Brown algae: Also called diatoms, brown algae are single-celled with a brown color. The algae appear as a dusting over aquarium surfaces and then transform into a thick mat over the course of several days.

Brown slime algae: Also called dinoflagellates, brown slime algae is symbiotic, providing nutrients for inverts like snails but might take over the aquarium.

Black beard algae: Black or dark purple in color, black beard algae often spread on tank plants.

Green algae: This kind of algae is also called algae growth, and it can happen if the lighting is too bright or you don’t let your aquarium cycle appropriately.

Green spot algae: This kind of algae thrives in aquariums with bright lighting, and it can be difficult to get rid of. It mainly spreads on tank walls and slow-growing plants.

Moreover, when choosing the options for algae eaters, you also need to ponder over the conditions in your aquarium.

Algae-consuming fish, snails, and shrimp all have their specific requirements for tank parameters, so you will either have to pick one that is suitable for the tank conditions or adjust your aquarium conditions to suit your new clean-up crew.

Eventually, you need to find how easy it is to care for the algae eater.

Some species need more care than others, especially when it comes to supplemental feeding.

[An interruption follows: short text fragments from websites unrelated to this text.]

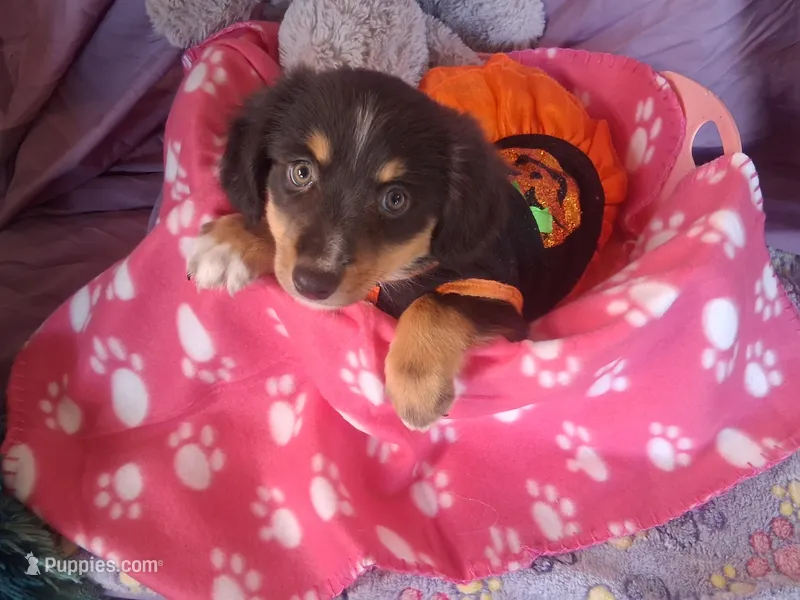 Fanny – Miniature Australian Shepherd puppy for sale in Stockton, MO
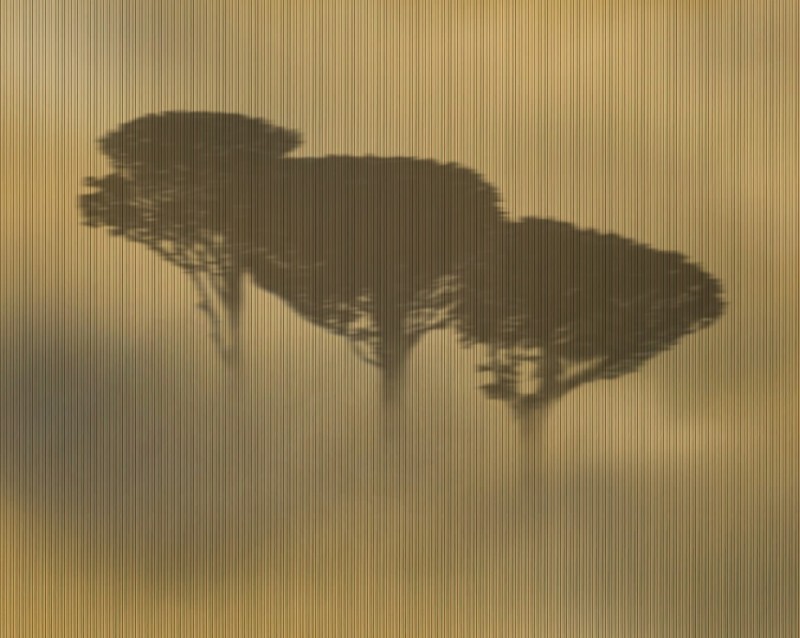 9731b52ee079cb6c4e7d3501c91e3e4f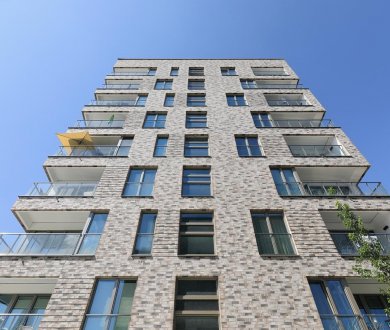 Плитка Westerwalder Klinker коллекция Wasserstrich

Unless your aquarium is releasing a lot of algae, you will likely need to fill your algae eater’s diet with some types of vegetables or algae pellets and wafers.

A-List of Best Algae Eaters For Your Aquarium

1. Chinese Algae Eater

Chinese Algae Eater
Chinese Algae Eater

The Chinese algae eater is simple to handle and performs well in aquariums of at least 30 gallons in capacity.

These fish can extend up to 10 inches but might become more aggressive as they grow. Thus, it would be best to be careful about housing them in an enclosure with delicate fish species.

On the other hand, their aggression can be considered an advantage. They are one of the only algae consumers that can be raised with big and semi-aggressive fish like cichlids.

Chinese algae eaters require a pH from 6.8 to 7.4 with a KH between 8 and 10. They would love to live in warmer water temperatures, and they need a herbivorous diet to complement their feeding on algae.

These fish are not one of the most efficient algae eaters on the list as they will probably grow lazy when they become bigger, but they may eat different types of algae while young.

Plus, you should also build some hiding places such as hollow logs or rock caves for your algae eater.

2. Whiptail Catfish

Whiptail Catfish
Whiptail Catfish

A kind of armored catfish, the whiptail is fairly easy to handle and features a peaceful temperament.

This species comes in neutral colors such as tan and black, and they can reach up to 6 inches long, so they need a tank of at least 50 gallons in capacity.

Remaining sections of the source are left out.